I don’t mean to start sounding like a broken record, but I really do love it when I scan the news and find reports of actions challenging banks’ investments in coal….that I didn’t even know were happening! Today, my quick morning peruse of the blogs rewarded me with tales of Billionaires in Asheville, Raleigh and Chapel Hill sipping dirty (coal) martinis in Bank of America Branches and making sure that bank customers were well aware that their money is being used to finance coal.
Then, further into my reading I stumbled upon the news that activists in the UK are threatening the largest financiers of coal in that country with a consumer boycott unless they pull out of dirty energy financing. According research by a coalition of activists and groups that includes Friends of the Earth UK, Platform UK and People and Planet, Royal Bank of Scotland, HSBC and Barclays have invested close to 30 billion pounds sterling into coal projects and are behind behind the new E.ON coal-fired powerplant in Kingsnorth, Kent where 50 activists were arrested this week alone.

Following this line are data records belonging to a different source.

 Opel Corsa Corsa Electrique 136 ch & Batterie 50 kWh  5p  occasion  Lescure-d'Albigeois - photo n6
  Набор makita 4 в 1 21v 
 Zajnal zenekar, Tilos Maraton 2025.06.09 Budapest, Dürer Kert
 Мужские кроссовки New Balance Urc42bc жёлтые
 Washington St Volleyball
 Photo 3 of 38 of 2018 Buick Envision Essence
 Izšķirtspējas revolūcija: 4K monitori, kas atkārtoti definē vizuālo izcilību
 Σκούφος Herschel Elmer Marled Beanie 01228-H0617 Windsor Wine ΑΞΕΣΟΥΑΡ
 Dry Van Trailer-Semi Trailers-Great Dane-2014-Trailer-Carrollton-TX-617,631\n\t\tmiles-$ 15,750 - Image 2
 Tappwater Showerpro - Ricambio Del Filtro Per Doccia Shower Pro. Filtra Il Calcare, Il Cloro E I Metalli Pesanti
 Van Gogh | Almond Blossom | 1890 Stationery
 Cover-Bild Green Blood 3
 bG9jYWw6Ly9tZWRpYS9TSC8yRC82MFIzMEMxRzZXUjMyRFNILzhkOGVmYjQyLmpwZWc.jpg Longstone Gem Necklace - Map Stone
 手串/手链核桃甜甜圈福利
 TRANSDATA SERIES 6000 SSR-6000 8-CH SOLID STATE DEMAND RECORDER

A bank contact of mine once commented rather snidely that it ‘sounds like you’re losing control’ when I told him that the bank campaign had grown far beyond RAN in the past six months. ‘Control? I wondered? Who ever said anything about control?’. The thing about social movements is that they are messy and diverse and colorful and …… decentralized. Yes, there is a tremendous value to a united voice – and I believe that a quick scan of the blogs and media coverage coming from bank campaigners around the US and the UK will show a remarkable sophistication of analysis and strategy, linked with common demands but strengthened by a diversity of tactics that range from shareholder activism, to non-violently hijacking coal-trains and raucous street-theater antics like the Billionaires for Coal. It may appear a little rag-tag sometimes, and it’s abundantly clear that there’s no one singular puppet-master at work. Which I suppose might be a confusing concept for someone working in a bank to grapple with. I mean, if no one is in control, who the heck do they talk to? Which frankly, isn’t a bad question but probably the subject of another post.
I wish I had thought of saying all of that in response to my contact’s comment – but in actual fact I think I responded with a blank stare and a mumble. Very (uncharacteristically, I swear) uncool of me. But as this opposition to banks financing of coal continues to grow and spread, I’m sure it won’t be the last time that someone says: ‘Will the real Billionaires please stand up?’ only to be answered by a thunderous sound as thousands of people get to their feet.